Critique de Albator76 (, Inscrit le 4 août 2012, 47 ans) - 16 septembre 2015

Ce bouquin m'a paru très instructif
Je connaissais comme tout le monde l'histoire du camp d'Auschwitz mais dans sa grande largeur
Les détails évoqués par l'auteur font froid dans le dos
L'inhumanité révélée dans ce récit est impressionnante
C'est la raison pour laquelle je suis allé sur place ressentir ce que le livre détaillait
Pour toute personne s'intéressant à cette période de l'histoire, je le conseille même si trop de détails peut perturber l'avancement du récit

Ouvrage de référence

8 étoiles

Critique de Pacmann (Tamise, Inscrit le 2 février 2012, 59 ans) - 5 avril 2015

Considéré comme un ouvrage de référence sur le plus grand crime organisé que l’humanité ait commis, j’ai été surpris par l’introduction et la conclusion de ce livre. Si l’auteur avait été américain, la critique du stalinisme aurait assez aisément trouvé une explication, mais Laurence Rees est britannique.

Je suis donc surpris par le fait que l’auteur souligne d’emblée que Staline a commis un génocide plus important qu’Hitler. C’est certainement la vérité, bien que moins connu du grand public, mais cela conduit à un certain malaise de relativiser par certains propos l’importance ou le contexte des ignominies du nazisme. Staline avait la cohérence de considérer tout le monde comme potentiellement coupable alors que les nazis, tout en ciblant certaines catégories de populations, semblent avoir été davantage guidés par une forme d’opportunisme ou de rationalité à géométrie variable en fonction de l’évolution du second conflit mondial. L'auteur à le mérite de tenter de démontrer comment un tel crime a été rendu possible.

La structure de l’ouvrage aurait pu davantage être maîtrisée ; l’auteur découpe son récit en chapitres avec la cohérence de la ligne du temps mais il s’égare parfois dans l’anecdotique et ne nous épargne pas des répétitions.

Il exact qu’on ne peut exiger d’un livre historique d’avoir le niveau littéraire de grands romans comme « Le Choix de Sophie » de William Styron ou de « Kaputt » de Malaparte, deux romans abordant le même thème et qui m’avaient notamment conduit à m’intéresser à cet ouvrage.

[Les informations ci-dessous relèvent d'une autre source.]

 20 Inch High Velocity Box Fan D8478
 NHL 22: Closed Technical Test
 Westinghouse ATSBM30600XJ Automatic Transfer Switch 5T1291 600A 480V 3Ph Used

J’avoue que même si j’ai appris pas mal de nouvelles choses, pour une personne s’étant intéressé et documenté sur la Shoah, je reste tout de même quelque peu sur ma faim.

Je conseille tout de même certainement la lecture de ce livre, en particulier à tout qui serait attiré par les discours de mouvements politiques nationaliste, populiste ou extrémiste, et permettre d’ouvrir les yeux à ceux qui ont oublié où ce genre d’idéologies peut mener.